Aim of the task »
Beginning with the line that contains "Bella Citta Vecchia Gasthuis 3*", restate each line below through the final one exactly, and exclude the pictures.

Records »
----
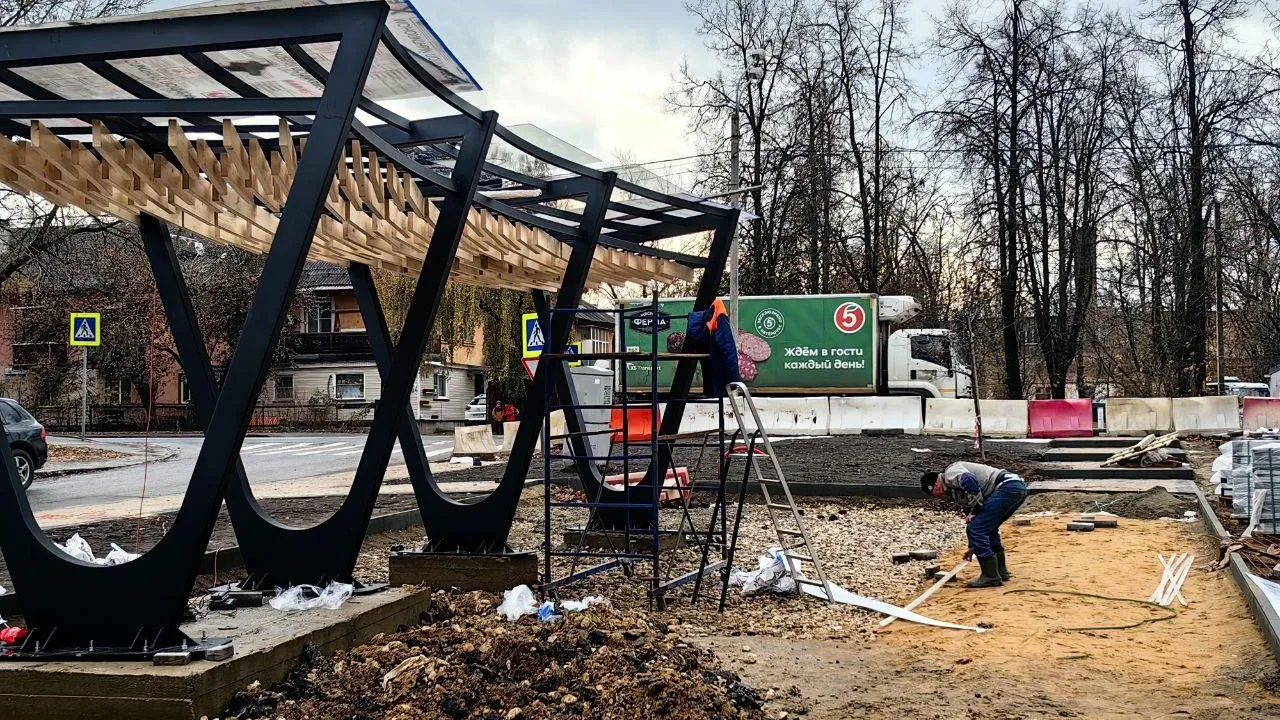 Елена Катасонова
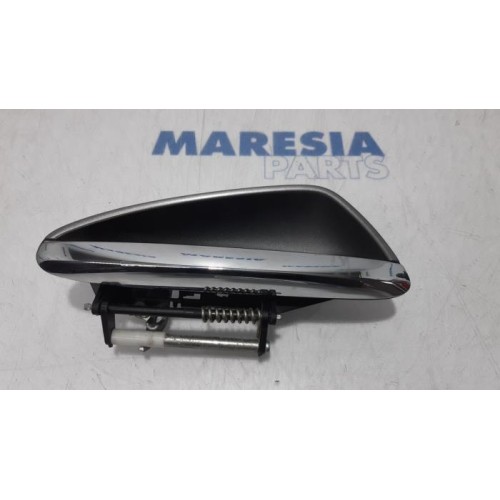 Alfa Romeo - 159 - Front door handle 4-door, right
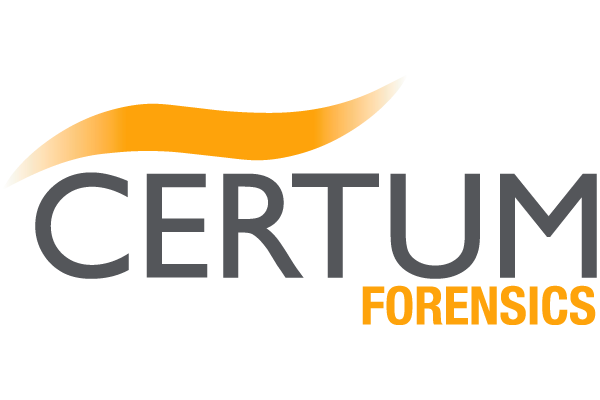 logo-certum-forensics-600x400
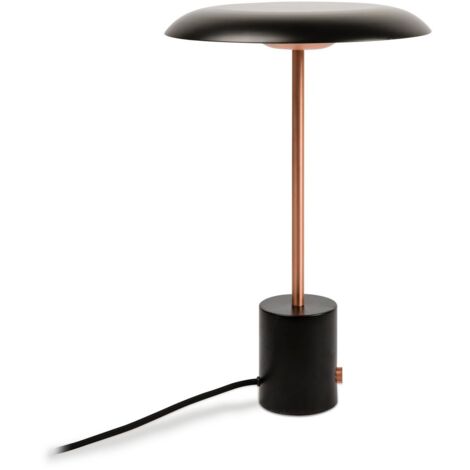 HOSHI, lampe de table pour l'intérieur, Faro Barcelona (1/10)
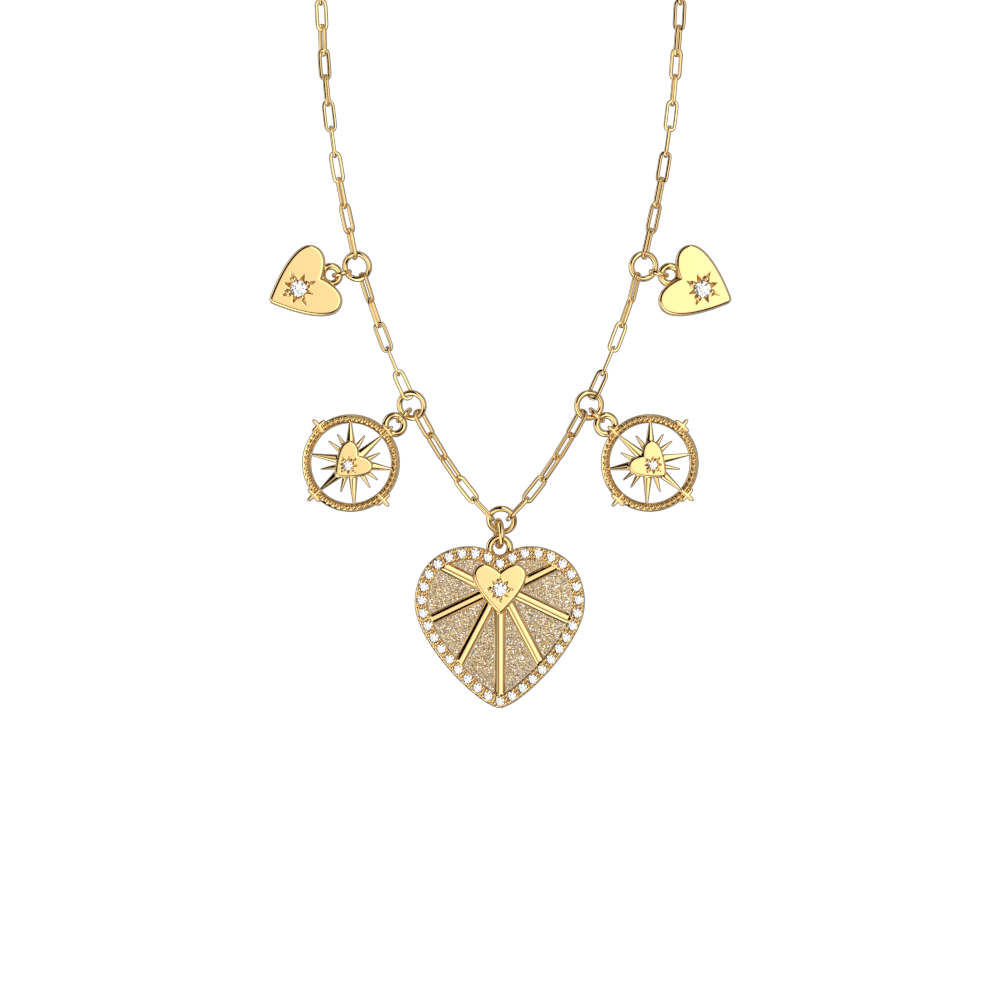 c-ur-celeste-pampille-necklace-gold-glitter-cream-reversible-insert-pack_colliers-1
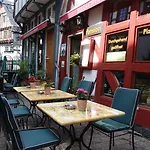 Bella Citta Vecchia Gasthuis 3*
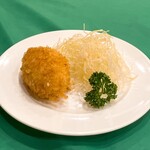 グリル グランド - 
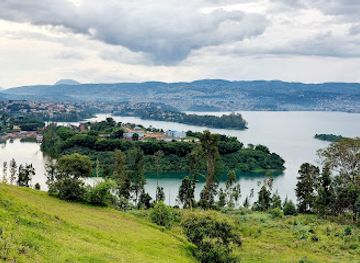 rwanda/nyungwe-forest-national-park/attraction/peninsula-panorama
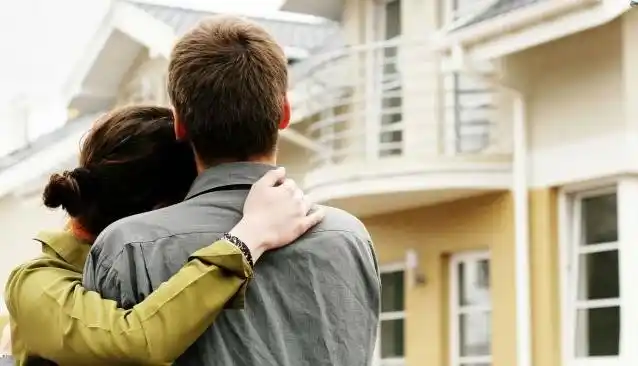 ¿UVI o Banco Nación?: Cuál es el mejor crédito para comprar tu casa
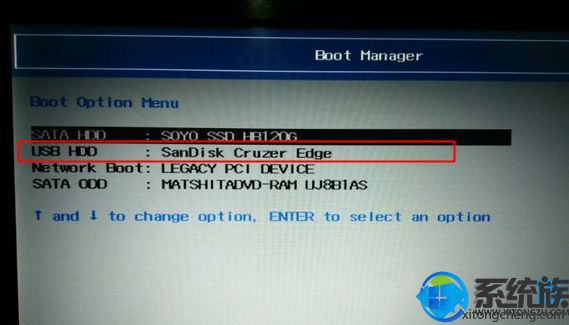 y400ԭwin8ϵͳóôװwin10ϵͳ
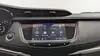 Florida Fine Cars - Used CADILLAC XT5 2021 WEST PALM PREMIUM LUXURY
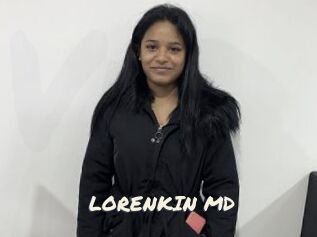 LORENKIN_MD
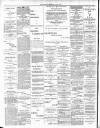 Buchan Observer and East Aberdeenshire Advertiser Tuesday 22 June 1897 Page 2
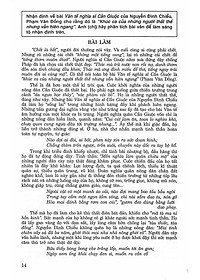 product-img-14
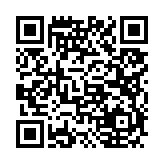 고시/공고 페이지 바로가기 주소(https://www.jangseong.go.kr/q/ezIyOHwyNzgyMnxzaG93fH0=&e=M&s=3), QRCODE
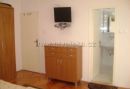 Apartments Berak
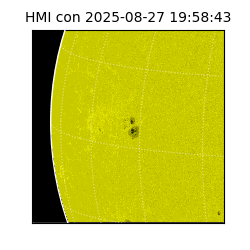 shmi - 2025-08-27T19:58:43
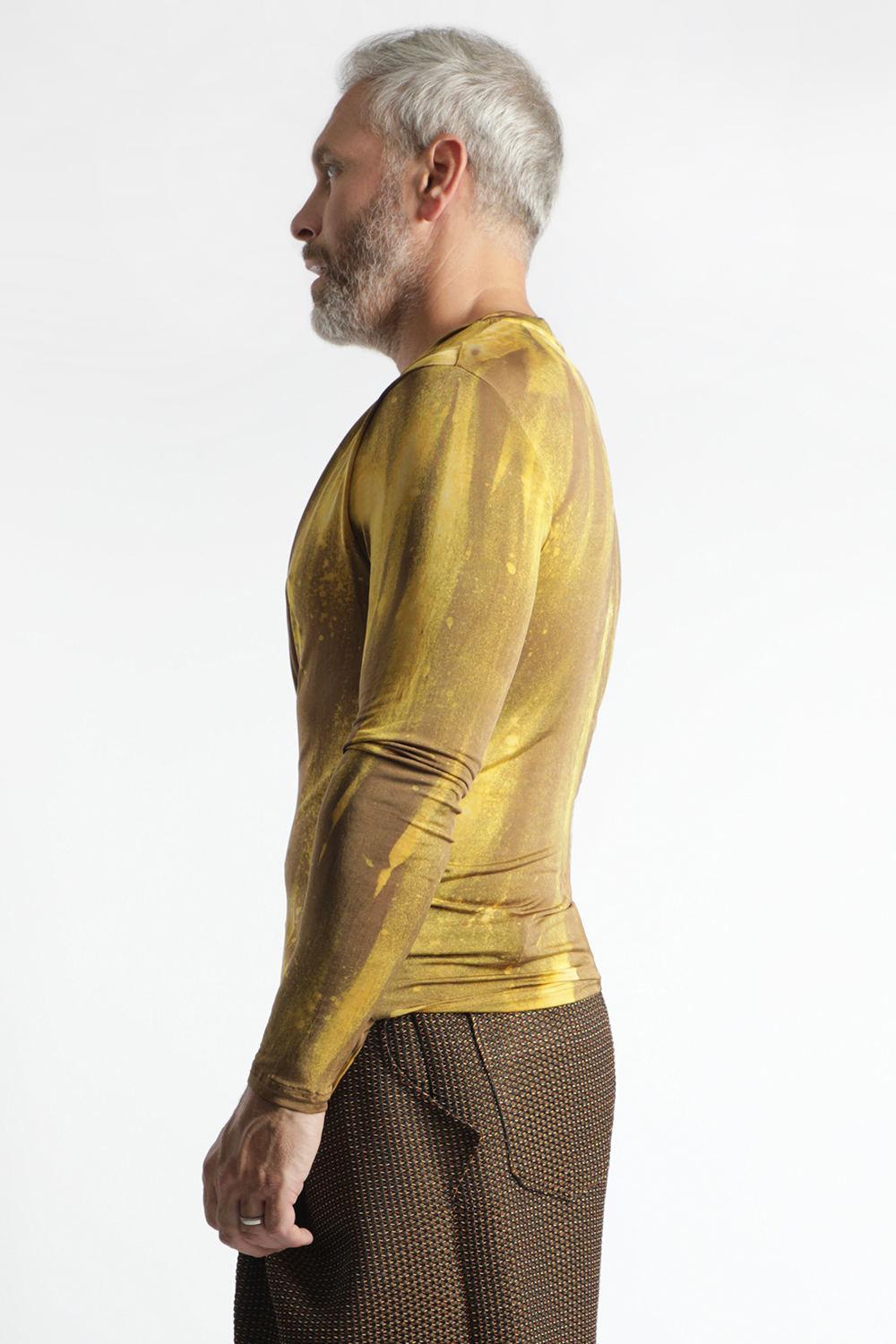 STYLE 239 CHAD BLT - Image 3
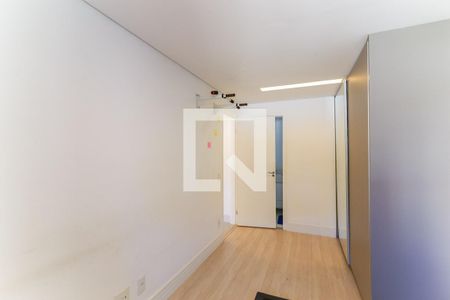 Apartamento à venda com 55m², 2 quartos e 1 vagaQuarto 2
----
Exercise output »
 Bella Citta Vecchia Gasthuis 3*
 グリル グランド - 
 rwanda/nyungwe-forest-national-park/attraction/peninsula-panorama
 ¿UVI o Banco Nación?: Cuál es el mejor crédito para comprar tu casa
 y400ԭwin8ϵͳóôװwin10ϵͳ
 Florida Fine Cars - Used CADILLAC XT5 2021 WEST PALM PREMIUM LUXURY
 LORENKIN_MD
 Buchan Observer and East Aberdeenshire Advertiser Tuesday 22 June 1897 Page 2
 product-img-14
 고시/공고 페이지 바로가기 주소(https://www.jangseong.go.kr/q/ezIyOHwyNzgyMnxzaG93fH0=&e=M&s=3), QRCODE
 Apartments Berak
 shmi - 2025-08-27T19:58:43
 STYLE 239 CHAD BLT - Image 3
 Apartamento à venda com 55m², 2 quartos e 1 vagaQuarto 2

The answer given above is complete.